While their gigs have been likened to early Suede in terms of ‘had to be there’ moments and they’re now being asked to sign autographs back in their native Dublin, it’s not always been plain sailing for the band. After one triumphant London date, Fergal developed a hideous blood clot in his arm. “My hand looked like a Gladiators big hand”, laughs Fergal, who’s sometimes scared that he resembles the drummer from Travis. “Fergal’s medical complaints are a fairly constant worry,” says Mark. “He’s the kind of person who could be walking along the road and just fall off the kerb.”
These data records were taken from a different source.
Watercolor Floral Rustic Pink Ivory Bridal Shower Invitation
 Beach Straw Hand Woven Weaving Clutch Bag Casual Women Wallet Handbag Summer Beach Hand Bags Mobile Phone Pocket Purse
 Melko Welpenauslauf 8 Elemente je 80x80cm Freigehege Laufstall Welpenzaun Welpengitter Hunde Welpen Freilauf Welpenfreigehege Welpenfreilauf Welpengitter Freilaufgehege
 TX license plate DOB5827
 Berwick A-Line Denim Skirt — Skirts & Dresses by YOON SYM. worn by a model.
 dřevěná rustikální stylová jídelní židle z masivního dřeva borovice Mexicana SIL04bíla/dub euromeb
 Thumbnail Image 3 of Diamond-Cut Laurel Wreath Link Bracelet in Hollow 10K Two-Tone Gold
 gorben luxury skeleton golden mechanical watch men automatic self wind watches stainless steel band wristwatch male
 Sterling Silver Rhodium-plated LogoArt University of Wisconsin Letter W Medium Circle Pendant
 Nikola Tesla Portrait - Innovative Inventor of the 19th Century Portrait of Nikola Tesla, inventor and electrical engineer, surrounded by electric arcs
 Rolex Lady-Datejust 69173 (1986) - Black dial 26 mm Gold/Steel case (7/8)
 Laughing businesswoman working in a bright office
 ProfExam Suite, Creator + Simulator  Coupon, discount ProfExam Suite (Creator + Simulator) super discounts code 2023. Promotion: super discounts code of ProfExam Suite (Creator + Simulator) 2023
But near-death experiences and boring journalist questions apart, JJ72’s ascendancy now seems beautifully inevitable. Their album moves between sweetly melancholic love songs (‘Not Like You’) to savage, red-raw sonic assaults (‘Surrender’) to sheer visceral open-heart-surgery (‘Improv’). But what links it all together is a seriousness of purpose, a realisation that the world can change in the space of a three minute pop song. Not that you’ll ever hear such hyperbole from Mark – “When you strip away everything, all the interviews, all the obnoxious thing or the money thing, what it comes down to is you just want to make a great, great song.”

JOHN MULLEN
2001has seen JJ72 go from strength to strength. In January the band were selected to headline the The NME Carling Awards Tour which travelled throughout Britain and finished with a triumphal gig at London’s Astoria. This was the best attended NME Tour in years mainly due to the popularity of JJ72 .Fergal’s luck remained true to form when he did some very serious damage to his ankle after a gig and so had to learn to play bass drum with his other foot very, very quickly. It was around this period that JJ72’s album went ‘Gold’ in the UK(100,000 sales).

January also seen JJ72 release the single ‘Snow’ which went into the top 30 and saw the band perform on Top Of The Pops for amazingly the third time in such a short career so far.

February seen the band heading off on their first headline tour of Europe. This tour served not only to bring the bands music to a wider audience but to confirm their across boarder appeal. This European tour ended at The Olympia Theatre in Dublin where the full extent of the of the band’s popularity became apparent and surprised many in their hometown.

Japan was the next port of call for JJ72 in their hectic timetable. This was the first time the band played outside Europe, despite that fact ,the band have achieved quite substantial album sales in Japan. The first thing which struck the band was the amount of fan’s waiting outside their hotel in Osaka when they arrived and which continued when they travelled to Tokyo for two more sold out gigs. During JJ72’s stay in Japan there was a large amount of press and television interest in the band and they should be going back later on this year.

On returning to Dublin after Japan the band received news that they had won Best New Band at The Irish Music Awards. This was the first award that JJ72 have won outright. They were presented with the award at a ceremony at The Point Depot. in Dublin and in Mark’s acceptance speech he thanked all the ‘real music fan’s’ and targeted manufactured bands and Ireland’s association with them ,for some critical remark’s.